**How to complete this task**
Repeat only the lines from the one containing "White Aircraft Dropping Fire Retardant" to the final line below, exactly as they read, and leave every picture out.

Crawled caption data:
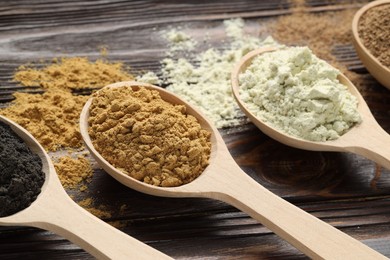 Photo of Different superfood powders and spoons on wooden table, closeup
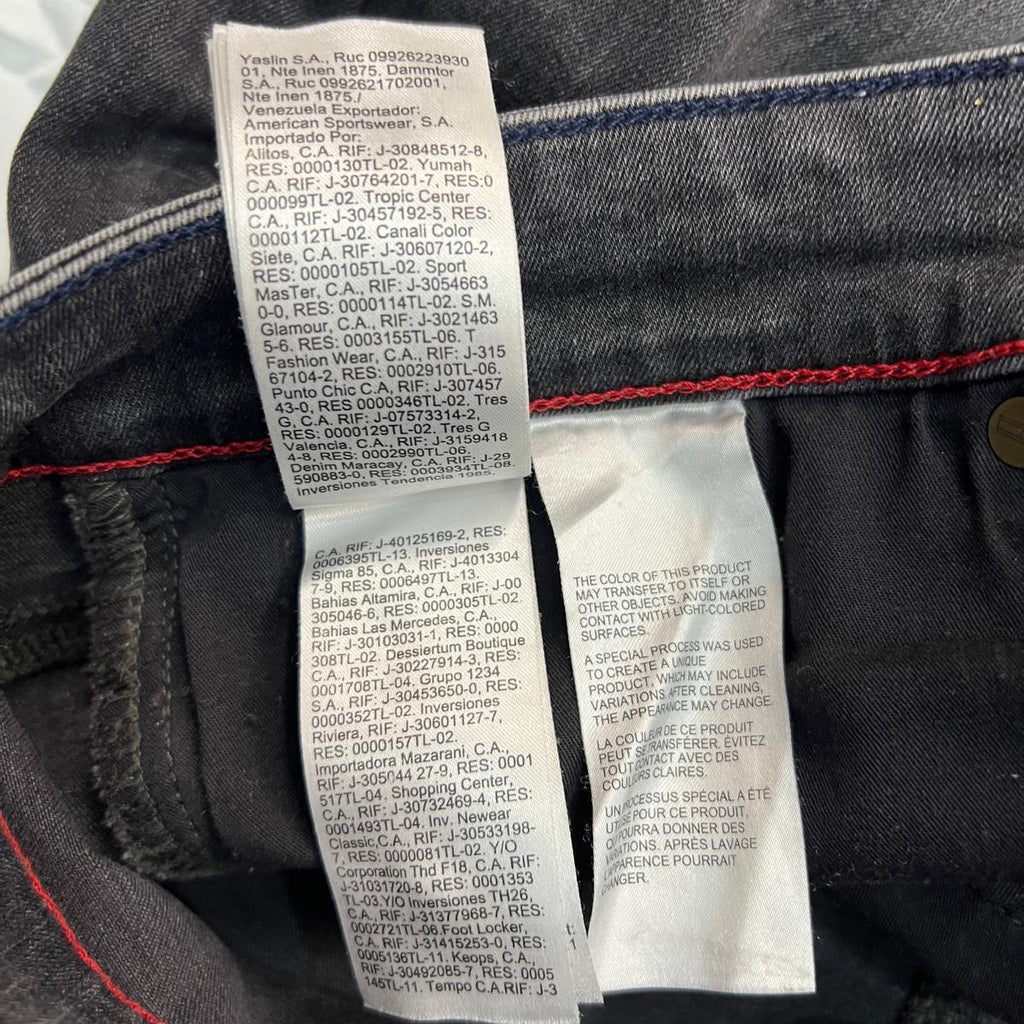 Dettaglio ravvicinato della sezione dell'etichetta che indica il mese e l'anno di produzione del jeans Tommy Jeans.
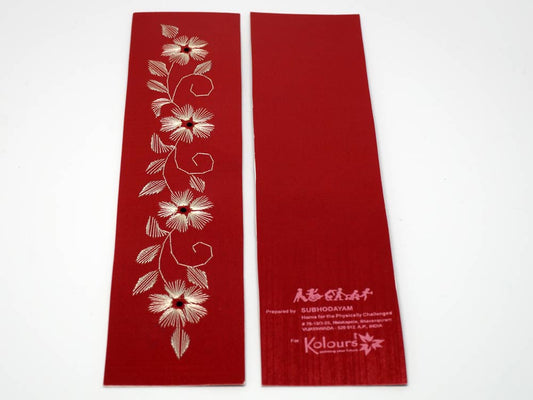 Red bookmark with embroidered flowers
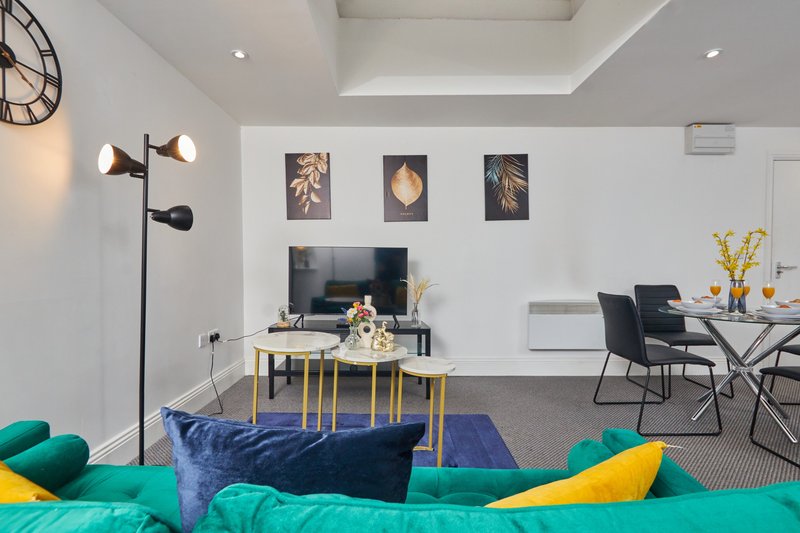 Modern open-plan living room with teal sofa, TV on wall-mounted stand, dining area, and decorative wall art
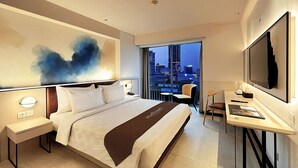 Et moderne hotelværelse med en stor seng, et skrivebord, en stol, et fjernsyn og udsigt over byen.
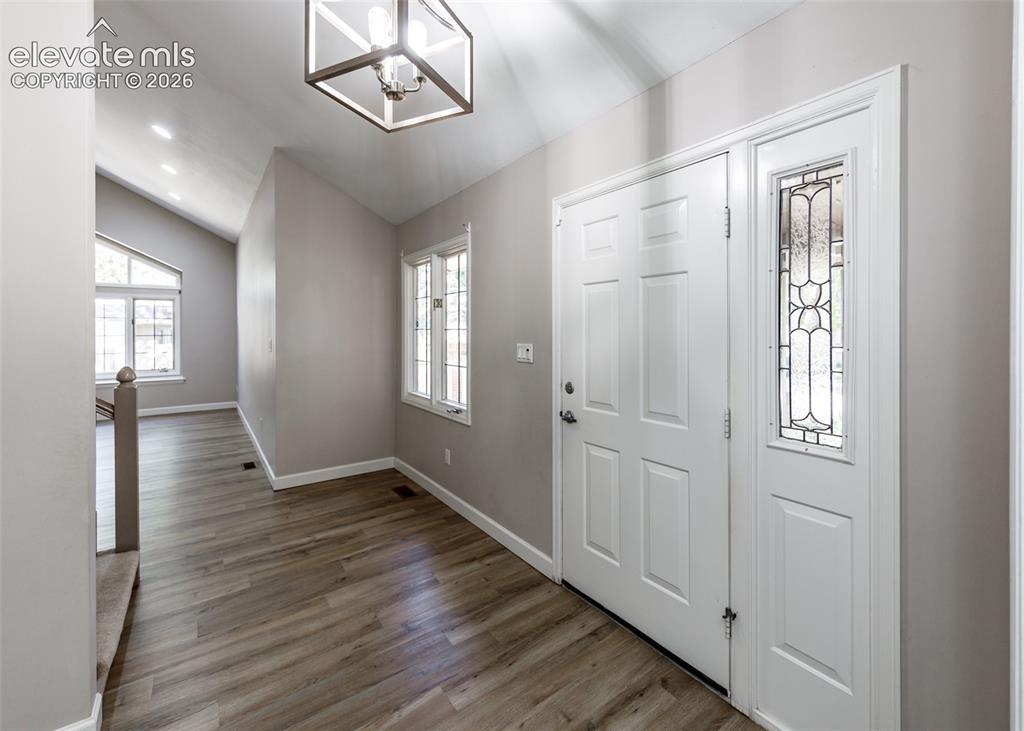 Image 7 of 44: Entryway featuring wood-finish flooring, vaulted ceilings, and a decorative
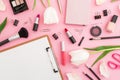 Beauty composition with clipboard, tulips flowers, cosmetics and accessory on pink background. Top view. Flat lay. Home feminine d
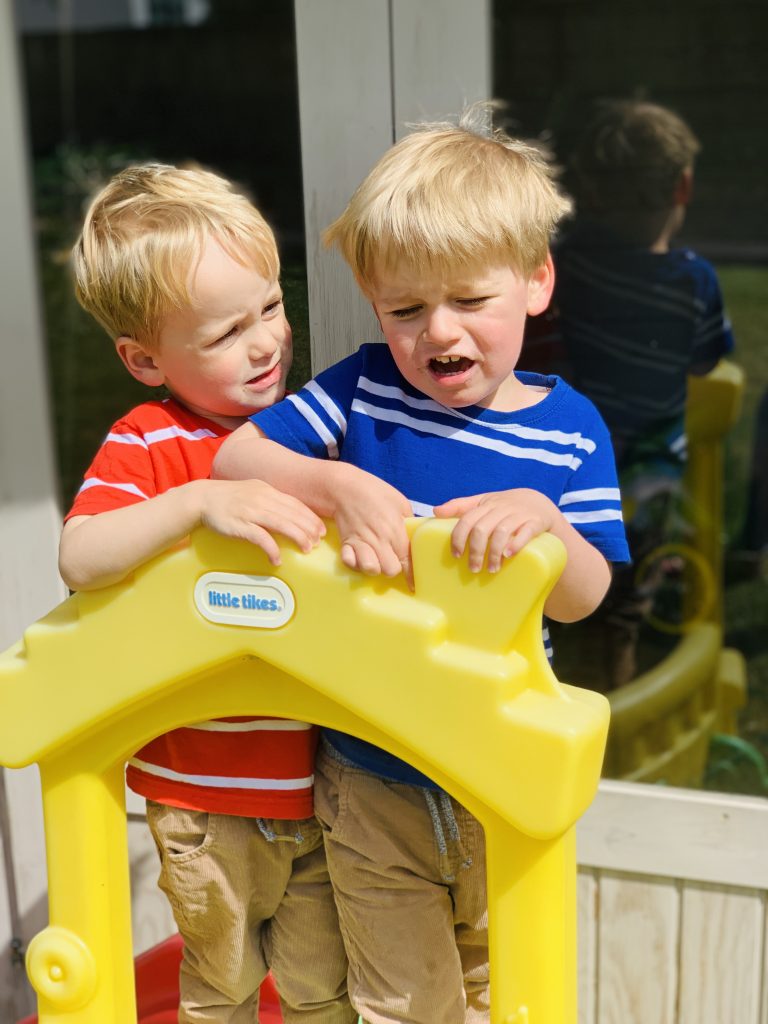 Twins fight over a slide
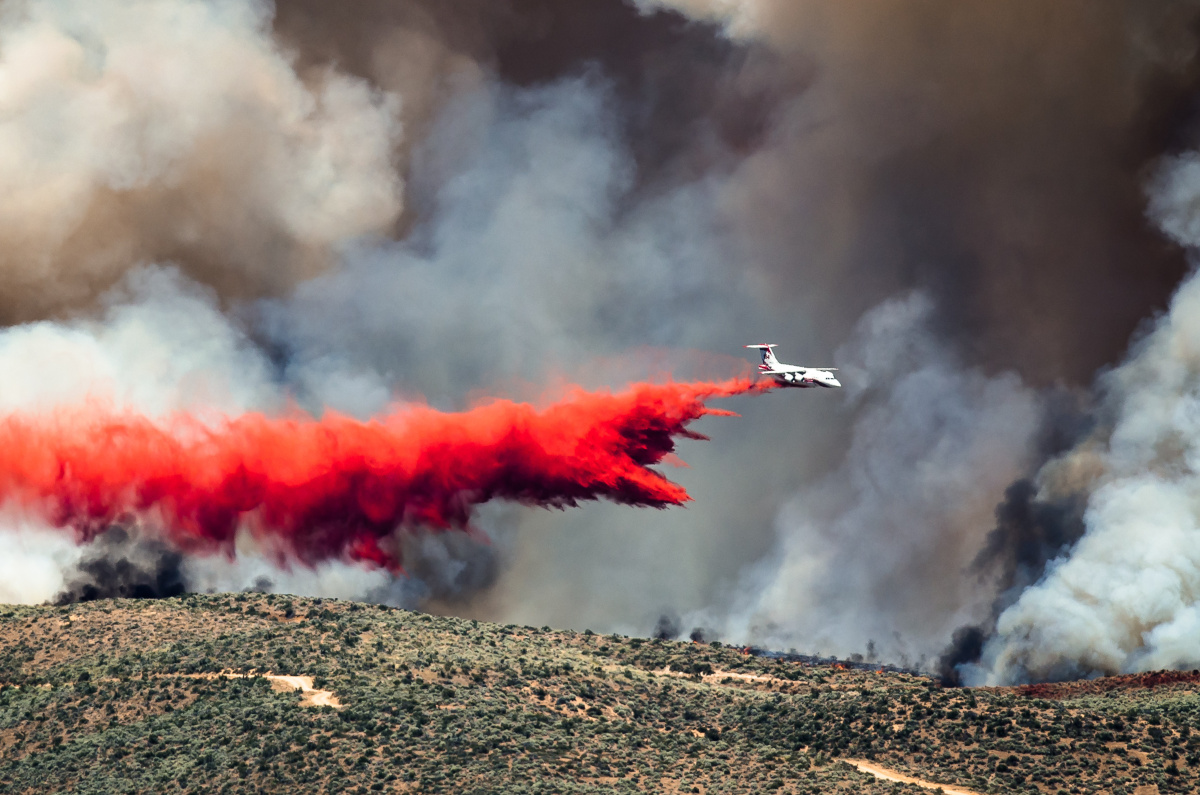 White Aircraft Dropping Fire Retardant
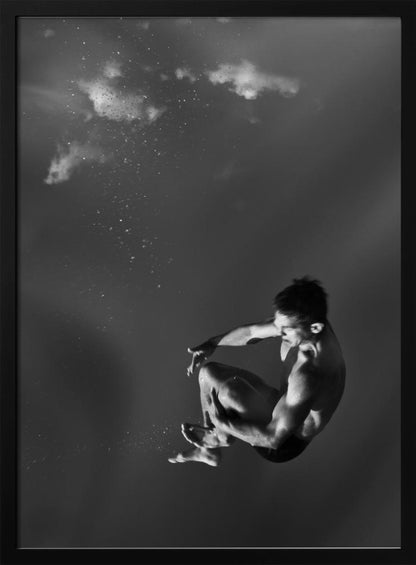 A dramatic black and white photograph of a male diver suspended mid-air in a tuck position. The background is a dark, atmospheric gray, with what appears to be clouds and bubbles, giving the impression of being underwater or in a vast, empty space. The lighting highlights the athlete's muscular physique. Artwork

**Task solution**
 White Aircraft Dropping Fire Retardant
 A dramatic black and white photograph of a male diver suspended mid-air in a tuck position. The background is a dark, atmospheric gray, with what appears to be clouds and bubbles, giving the impression of being underwater or in a vast, empty space. The lighting highlights the athlete's muscular physique. Artwork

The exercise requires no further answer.